Although Peine and his team had identified several pathways to lower the plant’s carbon score, supplementing a portion of the plant’s fossil-based energy with wind offered the quickest option. In 2019, WPE created a separate entity focused solely on the wind project, allowing its shareholders and investors to participate. Because the site’s capacity factor — or its ability to produce wind — was high, the team knew harnessing the power of the Kansas plains would not present any major daily hurdles. The issue, Peine explains, was in the size of the wind project and the location.

“Everyone wants to do industrial size wind farms or a residential size project,” Peine says. “There are not a lot of wind turbine installation projects in the ones and twos.”

Unique Onsite Installation
To overcome the sizing issue, WPE turned to FTI and Juhl. “This is a unique niche in the market. What we are talking about here is using a full-scale industrial turbine in an installation that is onsite for [industrial application],” says Clay Norrbom, president of Juhl Energy. “That is where it is pretty unique.”

The principal objective of the wind turbine installation project from the outset was different from most wind generating goals. WPE wanted to replace the 2.7 MW of electricity needed to run its plant. That’s it. There was never a plan to push excess wind energy back to the grid. As Peine explains, in WPE’s part of the country, wind energy is abundant and, in some cases, reverting wind energy production back to the grid can actually cost money.
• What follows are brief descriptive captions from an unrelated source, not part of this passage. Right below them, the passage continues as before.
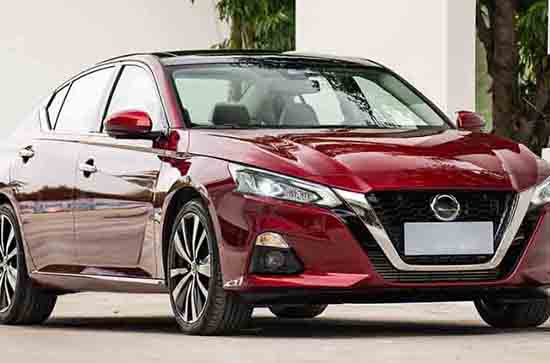 买车吉日查询十月廿二是买车吉日吗2024 适不适合买新车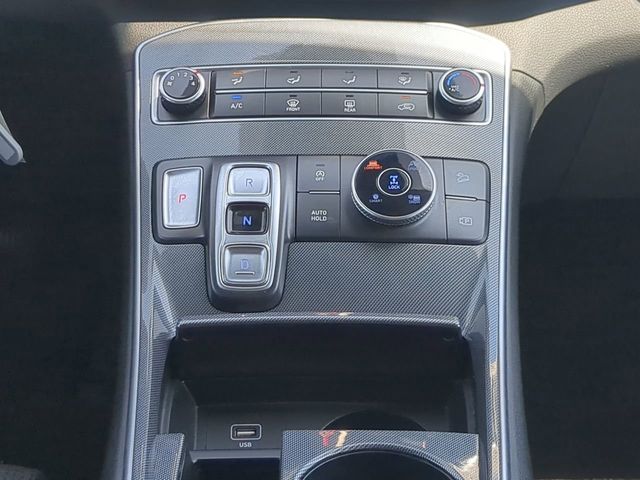 View 18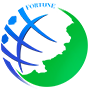 淄博諾奧化工有限公司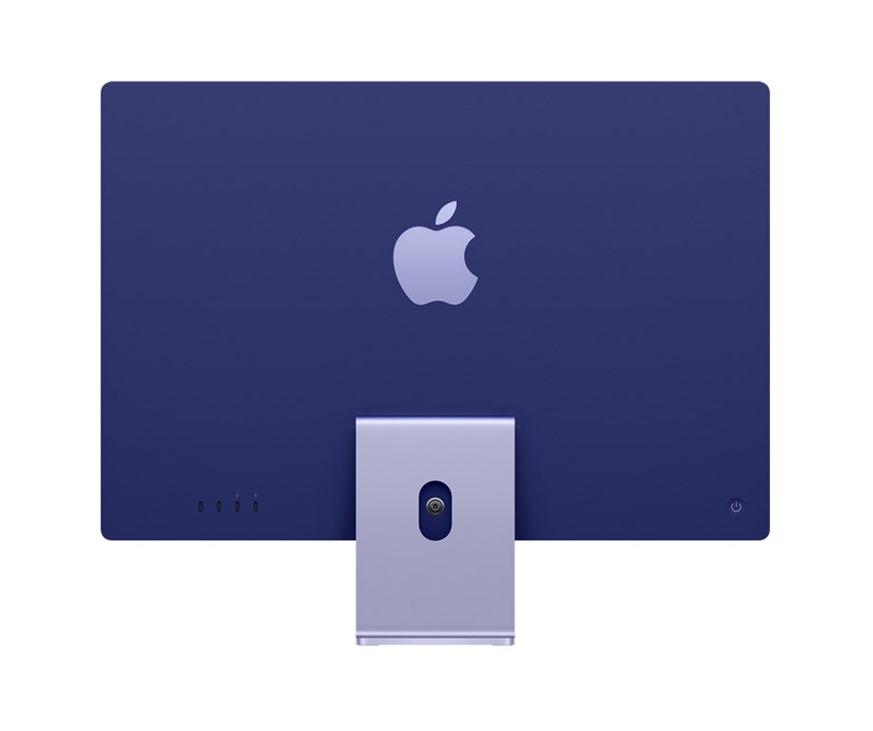 ridottapp-2024-12-23-ore-14.35.39_1057732a.jpg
Norrbom’s connection to GE Renewable Energy gave WPE access to the wind giant’s options for industrial turbines. FTI, a company that has worked with Juhl on a handful of other similar installations, worked to locate and install the wind power generating system. For the entire system to act as a carbon intensity score reducer, it had to be connected behind the ethanol plant’s electrical meter. According to Charlie Fredrickson, vice president of EnTech Solutions (a division of FTI), doing that makes a project inherently difficult.

Norrbom says a lot of time was spent working with utility partners to figure out how to make the project work technically, within permitting regulations and for what WPE needed. Getting a construction crew — normally suited for an entire wind farm buildout with concrete pads and other infrastructure — wasn’t easy, but doable for a one-off. “Whenever you are talking about getting close to a plant or a facility like this, most wind farms you try to develop as far from other residences and businesses as possible,” Norrbom says.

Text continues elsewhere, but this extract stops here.